Crescendo émotionnel très progressif, Model Shop part d'un charme doux, (toujours aussi peu d'agressivité chez Demy) pour gagner en émotion, transportant en route les blessures et les espoirs d'une Amérique en train de changer de peau en cette fin de guerre du Viêtnam.
Aussi désespéré qu'espérant, George Matthews se meut entre ces deux humeurs, fait connaissance avec la peur de la mort et avec l'amour conjointement (avec la nécessité d'aimer en tout cas).

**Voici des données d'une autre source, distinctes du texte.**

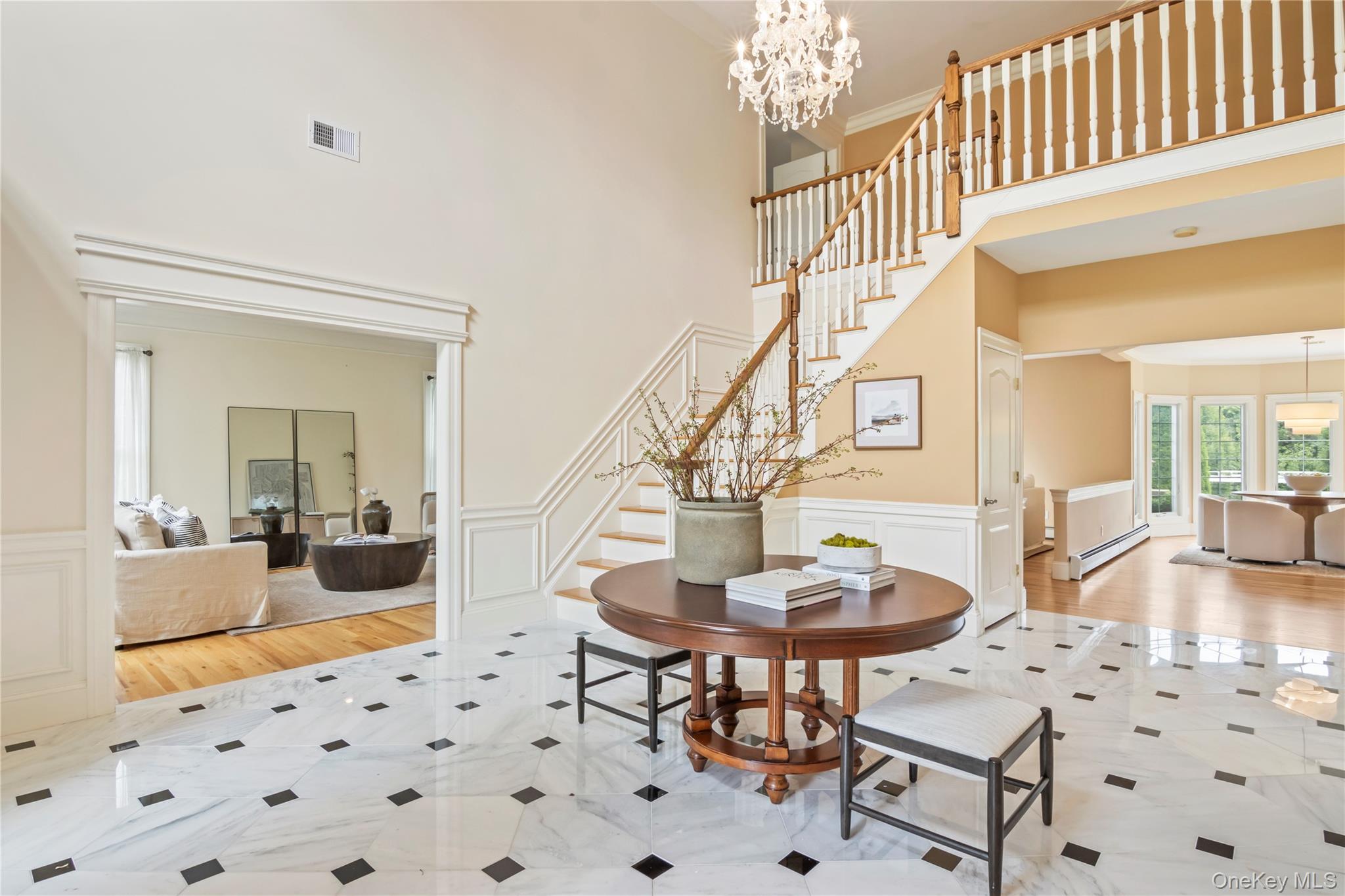 10 Rolling Meadow Lane, Northport, NY 11768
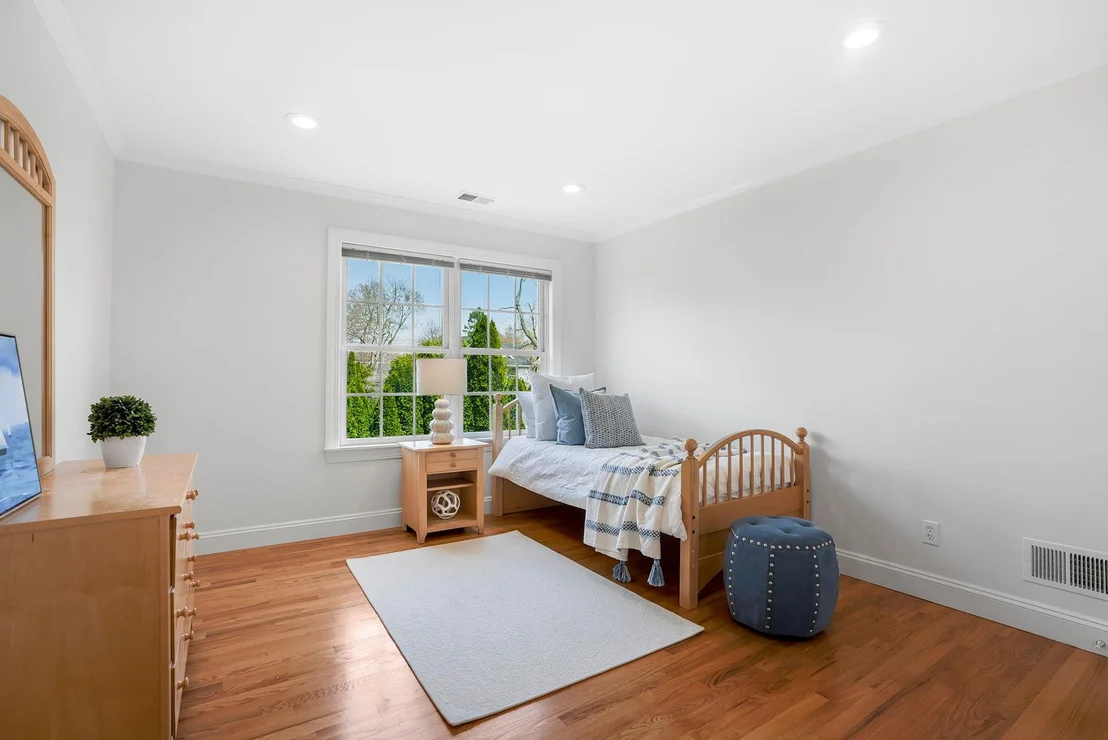 Photo of 5 White Birch Drive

Le film réussit à joindre des personnages à la fois réalistes (Gary Lockwood en particulier, d'une aisance impeccable)n représentatifs du lieu qu'ils arpentent, et rêveurs, et des personnages oniriques (Anouk Aimée), pris dans divers strates de temps, élargis par leur appartenance à d'autres films, et devant gagner leur vie.
Un film simple dans lequel la douleur finit par s'enlacer à une sorte de joie psychédélique qui convient parfaitement au cinéma de Demy, à sa douce mélancolie, et cette grâce qui affleure en permanence des mouvements de ceux qui vivent nonobstant les blessures, qui gardent le désir d'avancer et de construire en paix. Un petit regret technique tout de même : deux ou trois mouvements de caméra ont parfois moins de souplesse (que dans Lola, par ex.) : le plan d'ouverture, les déambulations dans la rue ou dans le couloir du Model Shop méritaient une fluidité (et peut-être quelques prises de plus).
Quoi qu'il en soit, Model Shop clôt parfaitement les années 60 pour Demy, sa comédie humaine, le film prend même certains traits antonioniens, autre grand peintre de la jeunesse des années 68-70s. Un moment, on peut même imaginer qu'une des fins possibles soit, comme dans l'Éclipse, un Model Shop vidé de la présence de Lola et de George, ni l'un ni l'autre n'étant venu au rendez-vous promis. Nous ne serons pas loin d'un tel dénouement, qui laisse Lola repartir dans les rêves d'autres films (qui ne se feront pas) et qui se recentre sur le personnage masculin, repris du désir de vivre et d'aimer.